- **Exercise prompt**: From the entries below, output the line with "Домкрат подкатной пневматический" and each following line up to and including the line with "Upholstered Bed Frame", exactly as written.

- **Short text fragments from websites**:

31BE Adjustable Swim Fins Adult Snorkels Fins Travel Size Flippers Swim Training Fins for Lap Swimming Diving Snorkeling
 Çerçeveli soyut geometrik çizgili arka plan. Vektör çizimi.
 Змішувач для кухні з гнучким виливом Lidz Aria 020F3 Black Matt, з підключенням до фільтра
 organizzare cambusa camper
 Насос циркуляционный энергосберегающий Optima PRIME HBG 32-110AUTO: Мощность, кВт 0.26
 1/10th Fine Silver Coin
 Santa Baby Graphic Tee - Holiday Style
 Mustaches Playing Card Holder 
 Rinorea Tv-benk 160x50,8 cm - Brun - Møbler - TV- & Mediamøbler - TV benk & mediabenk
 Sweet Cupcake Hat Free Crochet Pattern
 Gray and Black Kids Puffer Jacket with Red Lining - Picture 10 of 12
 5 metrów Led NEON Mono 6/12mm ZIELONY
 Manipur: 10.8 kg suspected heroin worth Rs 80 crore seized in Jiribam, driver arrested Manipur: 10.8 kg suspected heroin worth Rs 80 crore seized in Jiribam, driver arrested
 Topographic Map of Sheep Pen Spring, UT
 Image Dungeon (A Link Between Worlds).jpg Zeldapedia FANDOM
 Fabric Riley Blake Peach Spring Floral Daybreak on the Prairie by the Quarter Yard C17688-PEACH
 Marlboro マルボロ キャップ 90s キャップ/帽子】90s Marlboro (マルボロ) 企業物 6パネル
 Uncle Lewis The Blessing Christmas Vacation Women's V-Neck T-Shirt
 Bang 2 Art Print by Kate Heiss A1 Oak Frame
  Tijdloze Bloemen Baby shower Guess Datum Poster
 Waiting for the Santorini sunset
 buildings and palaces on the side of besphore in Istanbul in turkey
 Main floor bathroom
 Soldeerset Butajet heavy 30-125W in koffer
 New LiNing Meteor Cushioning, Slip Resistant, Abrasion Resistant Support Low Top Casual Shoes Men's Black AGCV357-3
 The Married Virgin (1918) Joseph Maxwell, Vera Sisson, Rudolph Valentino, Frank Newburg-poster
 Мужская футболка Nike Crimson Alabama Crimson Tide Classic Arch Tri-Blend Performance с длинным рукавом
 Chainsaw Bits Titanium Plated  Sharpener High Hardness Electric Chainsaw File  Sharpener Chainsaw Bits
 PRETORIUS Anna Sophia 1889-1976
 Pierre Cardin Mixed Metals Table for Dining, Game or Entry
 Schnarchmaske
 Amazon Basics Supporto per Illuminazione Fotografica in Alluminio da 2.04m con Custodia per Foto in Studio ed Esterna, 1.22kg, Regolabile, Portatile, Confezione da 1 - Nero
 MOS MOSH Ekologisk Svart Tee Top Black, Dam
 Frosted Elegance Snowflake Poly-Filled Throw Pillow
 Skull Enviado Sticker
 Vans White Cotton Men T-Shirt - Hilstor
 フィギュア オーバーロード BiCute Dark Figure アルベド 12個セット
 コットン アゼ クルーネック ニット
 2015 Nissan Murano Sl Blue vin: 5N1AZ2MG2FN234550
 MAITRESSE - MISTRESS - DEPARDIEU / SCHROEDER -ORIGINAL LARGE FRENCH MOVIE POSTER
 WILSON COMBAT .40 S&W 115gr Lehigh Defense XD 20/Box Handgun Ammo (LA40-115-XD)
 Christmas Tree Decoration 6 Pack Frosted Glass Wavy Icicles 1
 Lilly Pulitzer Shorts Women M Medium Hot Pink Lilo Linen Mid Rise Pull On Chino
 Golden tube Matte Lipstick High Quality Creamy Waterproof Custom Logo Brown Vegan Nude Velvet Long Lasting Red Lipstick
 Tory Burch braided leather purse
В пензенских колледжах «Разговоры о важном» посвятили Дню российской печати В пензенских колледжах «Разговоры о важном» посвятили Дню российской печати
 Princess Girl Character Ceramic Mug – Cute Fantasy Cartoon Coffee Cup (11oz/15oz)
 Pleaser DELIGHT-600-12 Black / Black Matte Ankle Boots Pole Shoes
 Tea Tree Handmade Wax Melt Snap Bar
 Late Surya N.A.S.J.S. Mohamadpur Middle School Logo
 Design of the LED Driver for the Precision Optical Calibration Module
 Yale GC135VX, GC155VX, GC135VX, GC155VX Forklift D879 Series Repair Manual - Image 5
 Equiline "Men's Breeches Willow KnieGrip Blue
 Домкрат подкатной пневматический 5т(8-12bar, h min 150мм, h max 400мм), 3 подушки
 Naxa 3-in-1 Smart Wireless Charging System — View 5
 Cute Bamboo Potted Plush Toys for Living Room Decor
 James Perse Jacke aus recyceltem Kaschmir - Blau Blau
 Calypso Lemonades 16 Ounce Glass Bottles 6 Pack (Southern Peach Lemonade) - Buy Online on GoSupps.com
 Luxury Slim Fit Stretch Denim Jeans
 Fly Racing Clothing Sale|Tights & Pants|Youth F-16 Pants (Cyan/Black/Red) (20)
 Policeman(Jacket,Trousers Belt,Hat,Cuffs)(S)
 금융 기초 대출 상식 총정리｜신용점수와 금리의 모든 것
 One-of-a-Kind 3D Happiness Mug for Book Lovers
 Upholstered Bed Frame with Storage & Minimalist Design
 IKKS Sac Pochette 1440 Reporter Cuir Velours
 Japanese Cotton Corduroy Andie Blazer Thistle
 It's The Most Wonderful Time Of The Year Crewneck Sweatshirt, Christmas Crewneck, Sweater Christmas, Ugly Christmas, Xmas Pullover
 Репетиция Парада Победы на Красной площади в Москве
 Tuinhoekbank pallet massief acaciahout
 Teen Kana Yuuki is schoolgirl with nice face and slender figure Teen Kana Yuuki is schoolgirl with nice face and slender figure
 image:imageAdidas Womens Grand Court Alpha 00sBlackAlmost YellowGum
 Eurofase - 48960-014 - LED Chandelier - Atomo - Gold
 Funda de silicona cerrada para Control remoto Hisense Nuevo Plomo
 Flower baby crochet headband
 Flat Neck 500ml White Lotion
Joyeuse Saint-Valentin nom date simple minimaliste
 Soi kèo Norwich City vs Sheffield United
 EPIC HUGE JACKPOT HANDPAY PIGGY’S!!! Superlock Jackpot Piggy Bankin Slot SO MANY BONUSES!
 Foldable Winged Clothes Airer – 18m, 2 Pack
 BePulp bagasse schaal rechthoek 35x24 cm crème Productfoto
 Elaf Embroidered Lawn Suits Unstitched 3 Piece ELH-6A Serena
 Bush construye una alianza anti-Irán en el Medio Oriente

- **Problem solution**:
 Домкрат подкатной пневматический 5т(8-12bar, h min 150мм, h max 400мм), 3 подушки
 Naxa 3-in-1 Smart Wireless Charging System — View 5
 Cute Bamboo Potted Plush Toys for Living Room Decor
 James Perse Jacke aus recyceltem Kaschmir - Blau Blau
 Calypso Lemonades 16 Ounce Glass Bottles 6 Pack (Southern Peach Lemonade) - Buy Online on GoSupps.com
 Luxury Slim Fit Stretch Denim Jeans
 Fly Racing Clothing Sale|Tights & Pants|Youth F-16 Pants (Cyan/Black/Red) (20)
 Policeman(Jacket,Trousers Belt,Hat,Cuffs)(S)
 금융 기초 대출 상식 총정리｜신용점수와 금리의 모든 것
 One-of-a-Kind 3D Happiness Mug for Book Lovers
 Upholstered Bed Frame with Storage & Minimalist Design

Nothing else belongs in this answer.